Instructions for the task: Copy out each entry precisely; no image belongs in the result.

Information shown:
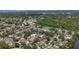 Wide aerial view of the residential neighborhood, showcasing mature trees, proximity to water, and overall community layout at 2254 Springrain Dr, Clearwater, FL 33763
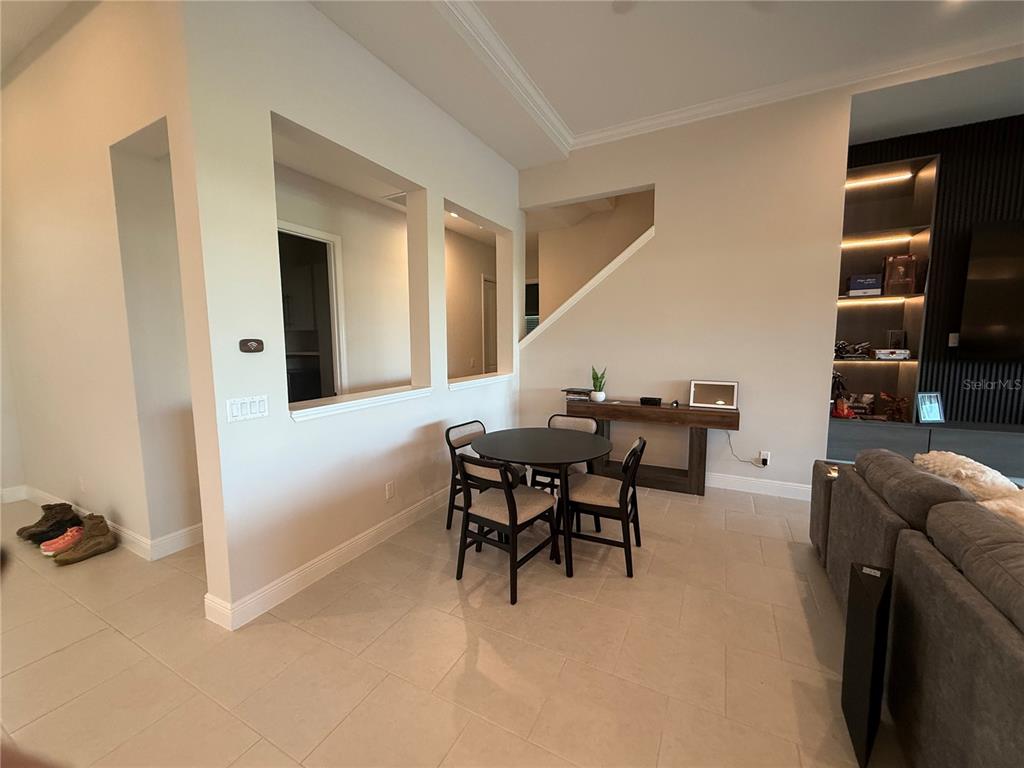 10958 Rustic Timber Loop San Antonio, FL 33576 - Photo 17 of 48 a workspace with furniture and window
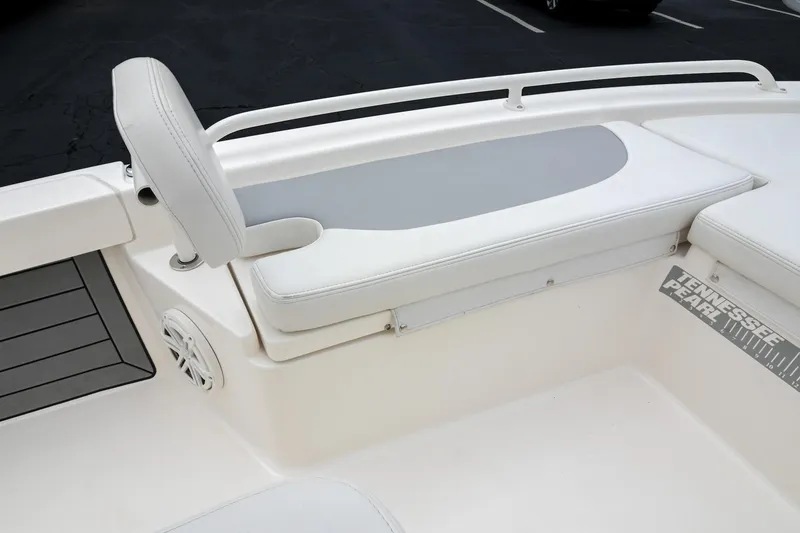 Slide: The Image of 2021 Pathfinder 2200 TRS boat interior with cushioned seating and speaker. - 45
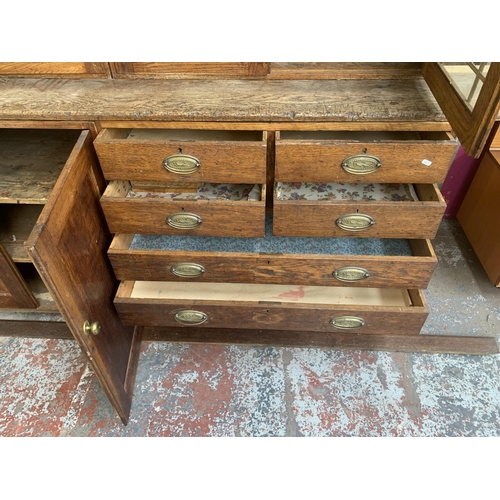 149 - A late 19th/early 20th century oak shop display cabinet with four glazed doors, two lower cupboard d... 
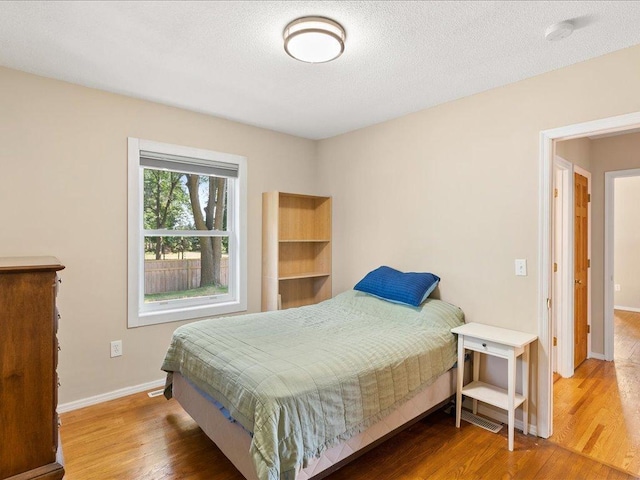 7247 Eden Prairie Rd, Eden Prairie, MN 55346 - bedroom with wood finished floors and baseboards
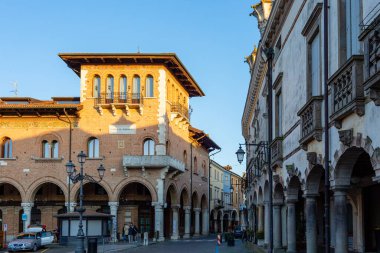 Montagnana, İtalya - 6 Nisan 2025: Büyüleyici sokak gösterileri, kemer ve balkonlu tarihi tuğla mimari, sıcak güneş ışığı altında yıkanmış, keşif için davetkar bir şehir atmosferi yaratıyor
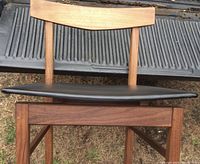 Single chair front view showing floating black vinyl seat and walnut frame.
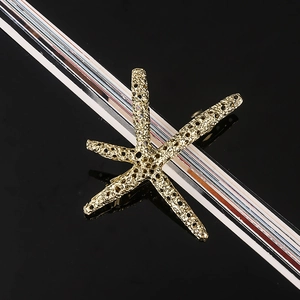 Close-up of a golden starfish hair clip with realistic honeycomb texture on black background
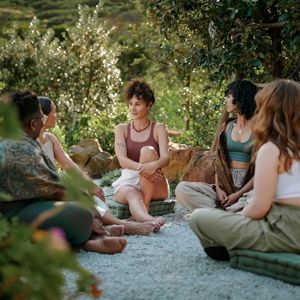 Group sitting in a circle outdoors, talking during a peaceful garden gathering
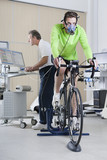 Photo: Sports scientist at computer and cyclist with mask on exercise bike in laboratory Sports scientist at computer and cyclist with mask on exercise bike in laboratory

Result:
 Wide aerial view of the residential neighborhood, showcasing mature trees, proximity to water, and overall community layout at 2254 Springrain Dr, Clearwater, FL 33763
 10958 Rustic Timber Loop San Antonio, FL 33576 - Photo 17 of 48 a workspace with furniture and window
 Slide: The Image of 2021 Pathfinder 2200 TRS boat interior with cushioned seating and speaker. - 45
 149 - A late 19th/early 20th century oak shop display cabinet with four glazed doors, two lower cupboard d... 
 7247 Eden Prairie Rd, Eden Prairie, MN 55346 - bedroom with wood finished floors and baseboards
 Montagnana, İtalya - 6 Nisan 2025: Büyüleyici sokak gösterileri, kemer ve balkonlu tarihi tuğla mimari, sıcak güneş ışığı altında yıkanmış, keşif için davetkar bir şehir atmosferi yaratıyor
 Single chair front view showing floating black vinyl seat and walnut frame.
 Close-up of a golden starfish hair clip with realistic honeycomb texture on black background
 Group sitting in a circle outdoors, talking during a peaceful garden gathering
 Photo: Sports scientist at computer and cyclist with mask on exercise bike in laboratory Sports scientist at computer and cyclist with mask on exercise bike in laboratory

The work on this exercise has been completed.